If we get the chance to talk over the event with different friends in succession, our account would adopt a more mature, elegant, story-like shape each time. A chaotic half-hour event gets stripped down to a punchy, two-minute drama that contains all that is worth remembering. In fact, it needs to be schematised this way if the mind is to remember it at all.

This process of constructing simple stories out of complex events also happens when we sleep, but with an added twist. To extract more value from our experiences, we associate them with our memories of similar events from the past. We bed them down in their proper company, in their right location in the brain, so they are available when we need them in the future.

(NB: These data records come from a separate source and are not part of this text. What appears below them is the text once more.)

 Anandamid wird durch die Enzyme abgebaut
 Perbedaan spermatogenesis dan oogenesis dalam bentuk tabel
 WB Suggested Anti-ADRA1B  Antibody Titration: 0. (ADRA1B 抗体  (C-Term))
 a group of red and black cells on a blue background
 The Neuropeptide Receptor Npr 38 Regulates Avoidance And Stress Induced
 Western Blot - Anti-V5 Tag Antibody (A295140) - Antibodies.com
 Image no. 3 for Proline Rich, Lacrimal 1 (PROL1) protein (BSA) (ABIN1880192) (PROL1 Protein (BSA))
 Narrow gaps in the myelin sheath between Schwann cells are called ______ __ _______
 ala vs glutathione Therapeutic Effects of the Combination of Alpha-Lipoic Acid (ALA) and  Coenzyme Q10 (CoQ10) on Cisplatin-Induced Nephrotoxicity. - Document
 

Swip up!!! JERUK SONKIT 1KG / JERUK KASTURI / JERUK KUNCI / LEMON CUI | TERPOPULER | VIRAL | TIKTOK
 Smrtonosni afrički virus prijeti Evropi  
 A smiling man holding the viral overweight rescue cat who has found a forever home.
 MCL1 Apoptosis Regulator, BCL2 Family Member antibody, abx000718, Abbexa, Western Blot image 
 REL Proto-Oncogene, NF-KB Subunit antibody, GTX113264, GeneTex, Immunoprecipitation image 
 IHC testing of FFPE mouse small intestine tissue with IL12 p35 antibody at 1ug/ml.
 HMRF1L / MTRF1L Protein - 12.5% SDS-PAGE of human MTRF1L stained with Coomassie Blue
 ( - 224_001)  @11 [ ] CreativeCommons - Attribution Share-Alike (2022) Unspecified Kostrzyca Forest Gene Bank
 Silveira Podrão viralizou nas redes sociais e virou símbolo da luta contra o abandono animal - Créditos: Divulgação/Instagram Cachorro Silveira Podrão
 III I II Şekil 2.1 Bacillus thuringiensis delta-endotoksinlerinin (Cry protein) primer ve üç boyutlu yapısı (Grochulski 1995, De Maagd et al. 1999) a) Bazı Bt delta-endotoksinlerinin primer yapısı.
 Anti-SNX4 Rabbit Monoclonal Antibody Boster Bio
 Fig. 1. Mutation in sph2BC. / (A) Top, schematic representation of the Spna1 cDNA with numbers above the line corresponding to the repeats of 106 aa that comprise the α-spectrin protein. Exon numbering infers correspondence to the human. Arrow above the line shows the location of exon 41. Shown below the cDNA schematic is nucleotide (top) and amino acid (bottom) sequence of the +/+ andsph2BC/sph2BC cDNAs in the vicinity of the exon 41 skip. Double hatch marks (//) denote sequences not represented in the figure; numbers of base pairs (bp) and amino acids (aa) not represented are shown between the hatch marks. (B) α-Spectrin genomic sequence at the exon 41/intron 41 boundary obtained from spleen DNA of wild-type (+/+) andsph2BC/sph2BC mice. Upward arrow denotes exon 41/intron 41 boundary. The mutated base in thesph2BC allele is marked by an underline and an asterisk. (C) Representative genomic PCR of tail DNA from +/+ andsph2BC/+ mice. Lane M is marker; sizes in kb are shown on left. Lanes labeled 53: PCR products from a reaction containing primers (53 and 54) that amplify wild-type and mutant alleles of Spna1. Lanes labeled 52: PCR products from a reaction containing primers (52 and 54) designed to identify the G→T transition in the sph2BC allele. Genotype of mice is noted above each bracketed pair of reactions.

During this process, we also solve problems. We don’t forget our frustrations when we sleep. Instead, their lingering emotional energy makes us focus particularly on them. Rats when they sleep will mentally retrace their steps through a new maze they learnt the day before. Musicians when they sleep will think/dream about a recent exercise, giving particular attention to the parts they did badly while they were awake. Volunteers trained to do a certain kind of puzzle become so much smarter at it the following day, having unconsciously learnt the hidden rules.

While we sleep we continue to think, but with a different spin. Conscious thought is linear, but unconscious thought is associative. Conscious, sustained, focused thought – the ability to analyse and speculate about something for days and weeks – is essential for the true understanding of anything. This kind of thought, however, gives us depth at the expense of breadth. It is strong because it screens out distractions, but in doing so it limits the possibility of fruitful associations.

This censorship is released when we fall asleep. Once the daytime thoughts are consolidated in memory, they can then free-associate with related mental information. In sleep and dream, the mind has a powerful associative imagination. Most insights in fact come from pattern recognition: we see how this is related to that. The great chemist Kekule discovered the structure of benzene – a ring of six carbon atoms – when he ‘saw’ a snake biting its tail. We typically find the answer to our problem unconsciously, and recognise it when we wake up.

But is it actually the correct answer? Kekule still had to test his inspiration in laboratory and convince his peers. Because intuitions feel so magical and free of hesitations of ordinary thought, people will cling to them with a passion. This is childish belief that an intuition or dream must be true because it feels true. This is fallacy behind the horrors of recovered memory and regression therapies.

Intuition alone is often dead wrong. It still needs to be checked by reason for it to have any validity. The final stage of the creative process as described above is to verify if the intuition is accurate or workable. We know that people who ignore the awkward facts, and rely instead on inspiration, revelation and faith, often damage themselves and others.

I’ll leave the last words to the great psychologist Hans Eysenck. “To link intuition with exactitude, correctness, precision or truth would be a mistake; intuition can be as wrong, treacherous, mistaken and erroneous as logical thinking. The adjective ‘intuitive’ refers to the method of arriving at a conclusion: it is no guarantee of truth. Intuition is the basis of the ‘Aha!’ experience, but how many ‘ahas’ have had to be retracted?”